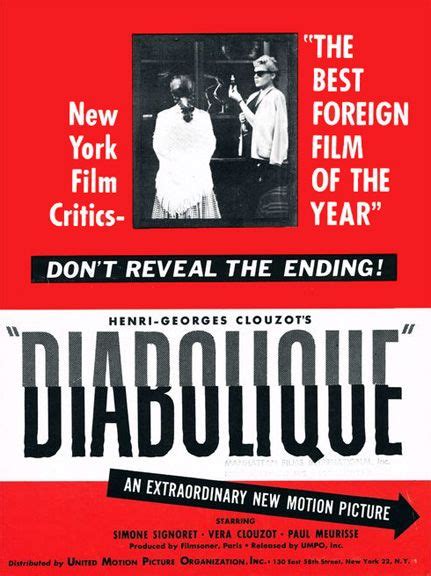 Diabolique | Picture organization, Film, Film noir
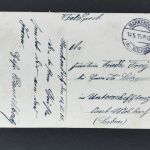 AK Berlin - National Denkmal Kaiser Wilhelm Felpost Markendorf 14.5.1915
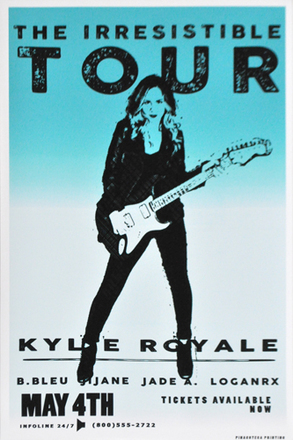main photo of Unframed Cleared Poster; Concert, "The Irresistible Tour"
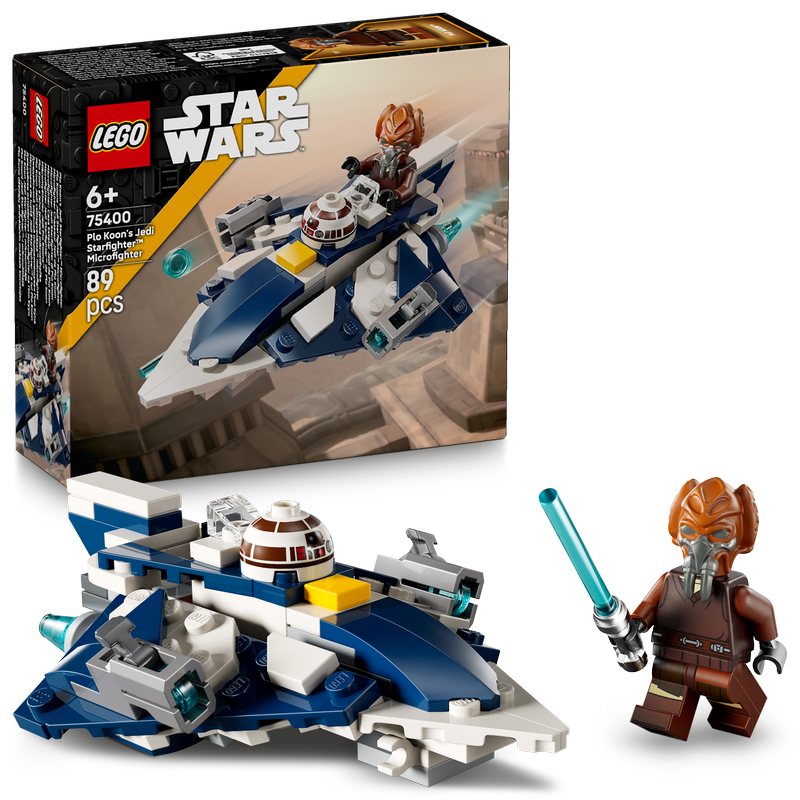 Lego® Star Wars™ Plo Koon’s Jedi Starfighter™ Microfighter Building Toy 75400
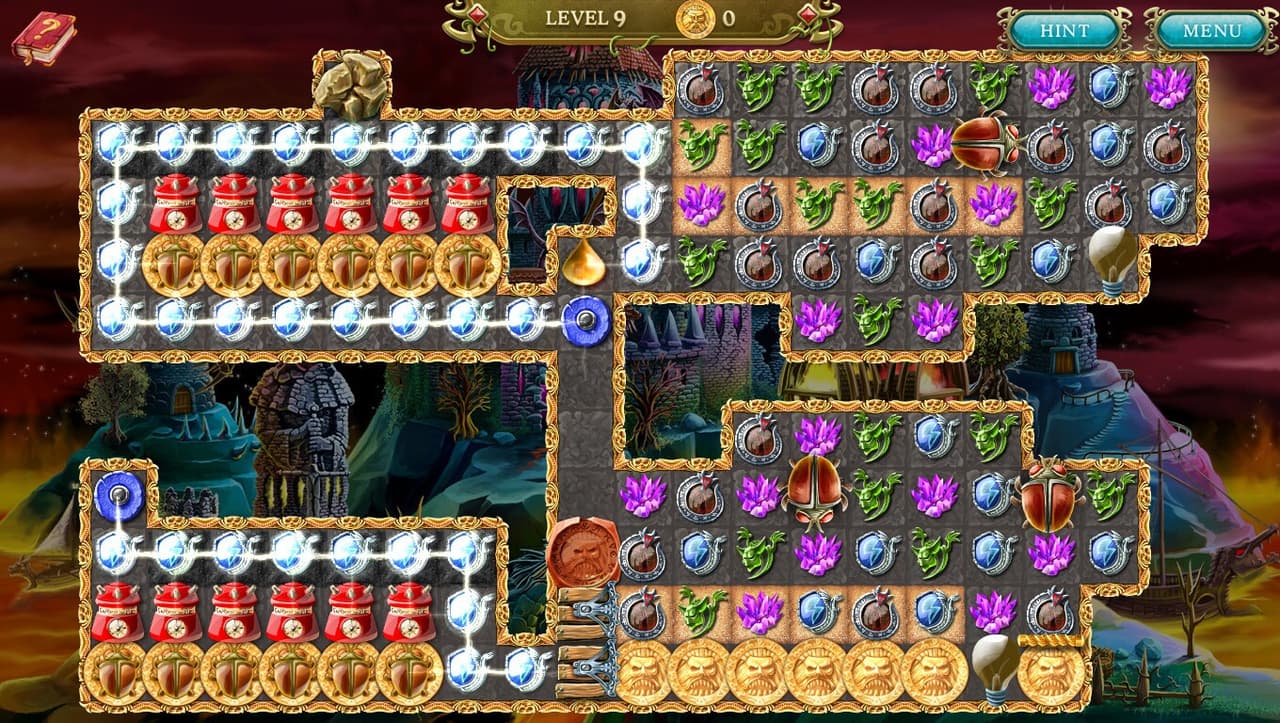 Cursed House 10 - Match 3 Puzzle screenshot 3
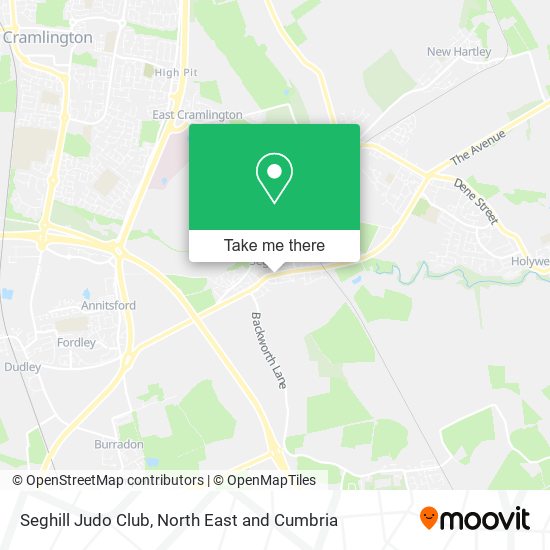 Seghill Judo Club map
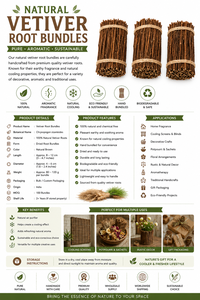 Ramas de Vetiver Natural, Raíces Aromáticas de Khus para Manualidades Refrescantes, Fragancia para el Hogar y Aplicaciones Herbales - Product Image 6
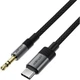 Перехідник USB-C --> 3.5 mm (F) 15cm audio converter J11 Acefast black - зображення 2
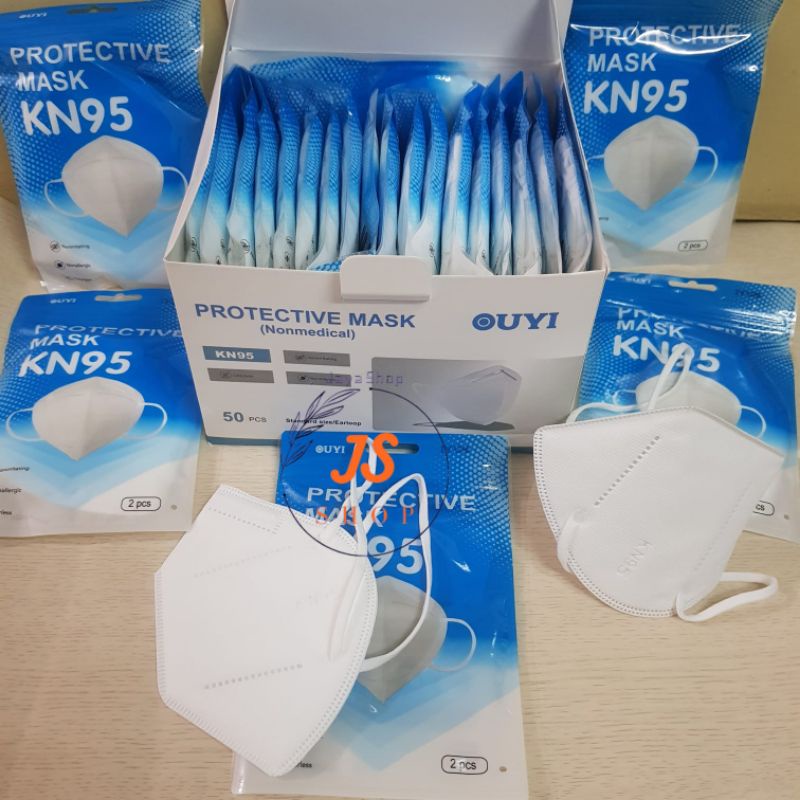 Masker KN95 UYI 5ply 1Box isi 50pcs Stelir packing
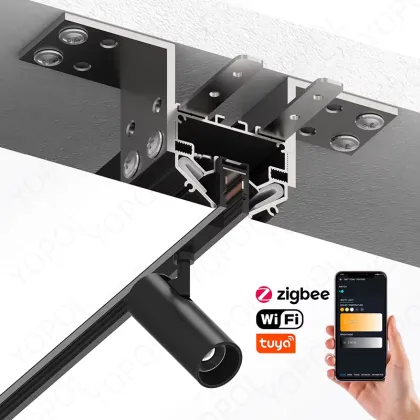 48V Magnetic Track Lighting: Indoor Mini Spot LED Track Light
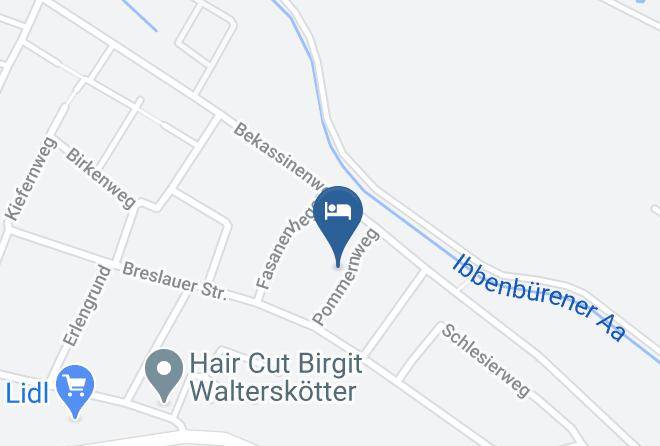 Steinfurt - Pension Pommernweg Ibbenburen Maps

==================================================

→ Aim of the exercise
This calls for an exact copy of all the entries above, with the pictures omitted.

→ Response to the task
 Diabolique | Picture organization, Film, Film noir
 AK Berlin - National Denkmal Kaiser Wilhelm Felpost Markendorf 14.5.1915
main photo of Unframed Cleared Poster; Concert, "The Irresistible Tour"
 Lego® Star Wars™ Plo Koon’s Jedi Starfighter™ Microfighter Building Toy 75400
 Cursed House 10 - Match 3 Puzzle screenshot 3
 Seghill Judo Club map
 Ramas de Vetiver Natural, Raíces Aromáticas de Khus para Manualidades Refrescantes, Fragancia para el Hogar y Aplicaciones Herbales - Product Image 6
 Перехідник USB-C --> 3.5 mm (F) 15cm audio converter J11 Acefast black - зображення 2
 Masker KN95 UYI 5ply 1Box isi 50pcs Stelir packing
 48V Magnetic Track Lighting: Indoor Mini Spot LED Track Light
 Steinfurt - Pension Pommernweg Ibbenburen Maps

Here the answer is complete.